Your objective
Lines from the top of the entries down to the line with "Beautiful sunrise over" must be set down exactly as they stand, with both ends retained.

Dataset
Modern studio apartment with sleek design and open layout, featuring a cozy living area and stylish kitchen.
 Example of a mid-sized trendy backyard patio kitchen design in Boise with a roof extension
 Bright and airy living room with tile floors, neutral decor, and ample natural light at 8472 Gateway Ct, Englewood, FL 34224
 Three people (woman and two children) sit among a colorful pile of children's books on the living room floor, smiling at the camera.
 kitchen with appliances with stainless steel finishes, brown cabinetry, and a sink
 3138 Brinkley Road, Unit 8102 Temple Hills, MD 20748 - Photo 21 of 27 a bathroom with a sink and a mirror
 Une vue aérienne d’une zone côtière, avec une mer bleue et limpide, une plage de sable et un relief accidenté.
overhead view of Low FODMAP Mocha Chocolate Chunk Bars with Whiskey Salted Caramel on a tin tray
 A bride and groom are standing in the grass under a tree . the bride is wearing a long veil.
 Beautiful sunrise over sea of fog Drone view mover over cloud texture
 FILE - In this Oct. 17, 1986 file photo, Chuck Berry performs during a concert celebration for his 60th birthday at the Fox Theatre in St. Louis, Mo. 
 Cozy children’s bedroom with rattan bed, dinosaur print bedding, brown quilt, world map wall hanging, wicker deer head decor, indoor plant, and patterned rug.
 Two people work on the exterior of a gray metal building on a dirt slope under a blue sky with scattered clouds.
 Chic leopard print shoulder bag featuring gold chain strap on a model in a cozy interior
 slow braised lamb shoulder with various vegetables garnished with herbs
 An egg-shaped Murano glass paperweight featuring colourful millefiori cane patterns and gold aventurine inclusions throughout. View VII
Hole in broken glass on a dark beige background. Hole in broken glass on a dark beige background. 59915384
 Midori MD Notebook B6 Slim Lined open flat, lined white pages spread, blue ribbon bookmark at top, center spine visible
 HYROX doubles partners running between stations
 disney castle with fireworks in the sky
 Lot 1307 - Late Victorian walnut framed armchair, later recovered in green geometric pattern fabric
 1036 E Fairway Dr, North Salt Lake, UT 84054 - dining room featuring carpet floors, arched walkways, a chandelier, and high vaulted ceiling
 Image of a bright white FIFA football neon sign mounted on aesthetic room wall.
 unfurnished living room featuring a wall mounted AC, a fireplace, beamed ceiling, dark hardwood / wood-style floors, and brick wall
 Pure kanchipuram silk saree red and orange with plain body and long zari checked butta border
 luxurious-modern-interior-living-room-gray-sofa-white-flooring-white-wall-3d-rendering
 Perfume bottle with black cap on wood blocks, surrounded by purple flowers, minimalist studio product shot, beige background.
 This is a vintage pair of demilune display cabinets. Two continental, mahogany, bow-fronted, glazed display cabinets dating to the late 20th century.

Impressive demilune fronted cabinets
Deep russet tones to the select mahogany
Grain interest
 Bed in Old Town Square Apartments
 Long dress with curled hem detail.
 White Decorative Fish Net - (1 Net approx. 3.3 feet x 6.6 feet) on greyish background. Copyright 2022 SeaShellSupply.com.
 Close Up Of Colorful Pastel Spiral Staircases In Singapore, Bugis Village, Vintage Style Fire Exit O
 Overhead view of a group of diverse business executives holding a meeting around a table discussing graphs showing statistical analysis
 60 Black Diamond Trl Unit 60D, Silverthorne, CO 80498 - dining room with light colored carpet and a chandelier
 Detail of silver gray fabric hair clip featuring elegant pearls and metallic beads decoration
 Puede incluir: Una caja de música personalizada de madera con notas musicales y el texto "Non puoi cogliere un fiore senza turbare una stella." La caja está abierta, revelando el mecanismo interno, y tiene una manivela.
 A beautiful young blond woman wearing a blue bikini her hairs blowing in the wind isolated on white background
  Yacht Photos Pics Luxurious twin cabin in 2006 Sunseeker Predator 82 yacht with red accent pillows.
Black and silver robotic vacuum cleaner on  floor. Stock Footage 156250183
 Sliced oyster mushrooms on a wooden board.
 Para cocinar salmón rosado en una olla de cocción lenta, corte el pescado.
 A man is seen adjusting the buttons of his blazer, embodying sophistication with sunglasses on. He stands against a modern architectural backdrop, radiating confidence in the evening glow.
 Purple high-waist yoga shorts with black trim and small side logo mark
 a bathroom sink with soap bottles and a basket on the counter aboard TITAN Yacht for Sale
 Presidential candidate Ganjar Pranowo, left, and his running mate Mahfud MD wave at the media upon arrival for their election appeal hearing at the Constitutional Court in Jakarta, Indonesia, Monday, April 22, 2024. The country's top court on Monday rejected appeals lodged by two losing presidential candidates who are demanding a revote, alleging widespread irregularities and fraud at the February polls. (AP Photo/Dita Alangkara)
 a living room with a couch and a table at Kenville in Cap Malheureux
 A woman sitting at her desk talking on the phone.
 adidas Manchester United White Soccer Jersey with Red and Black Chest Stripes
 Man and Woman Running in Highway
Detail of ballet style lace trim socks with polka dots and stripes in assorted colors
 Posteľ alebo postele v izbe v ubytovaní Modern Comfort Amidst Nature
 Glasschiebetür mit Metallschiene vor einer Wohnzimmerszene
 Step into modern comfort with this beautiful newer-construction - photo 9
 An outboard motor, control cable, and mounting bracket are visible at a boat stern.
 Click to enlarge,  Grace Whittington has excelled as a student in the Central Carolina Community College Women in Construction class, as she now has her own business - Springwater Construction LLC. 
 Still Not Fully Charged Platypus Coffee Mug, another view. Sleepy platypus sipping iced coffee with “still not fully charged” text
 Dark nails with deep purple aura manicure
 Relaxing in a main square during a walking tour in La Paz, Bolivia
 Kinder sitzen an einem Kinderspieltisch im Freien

The completed task
Modern studio apartment with sleek design and open layout, featuring a cozy living area and stylish kitchen.
 Example of a mid-sized trendy backyard patio kitchen design in Boise with a roof extension
 Bright and airy living room with tile floors, neutral decor, and ample natural light at 8472 Gateway Ct, Englewood, FL 34224
 Three people (woman and two children) sit among a colorful pile of children's books on the living room floor, smiling at the camera.
 kitchen with appliances with stainless steel finishes, brown cabinetry, and a sink
 3138 Brinkley Road, Unit 8102 Temple Hills, MD 20748 - Photo 21 of 27 a bathroom with a sink and a mirror
 Une vue aérienne d’une zone côtière, avec une mer bleue et limpide, une plage de sable et un relief accidenté.
overhead view of Low FODMAP Mocha Chocolate Chunk Bars with Whiskey Salted Caramel on a tin tray
 A bride and groom are standing in the grass under a tree . the bride is wearing a long veil.
 Beautiful sunrise over sea of fog Drone view mover over cloud texture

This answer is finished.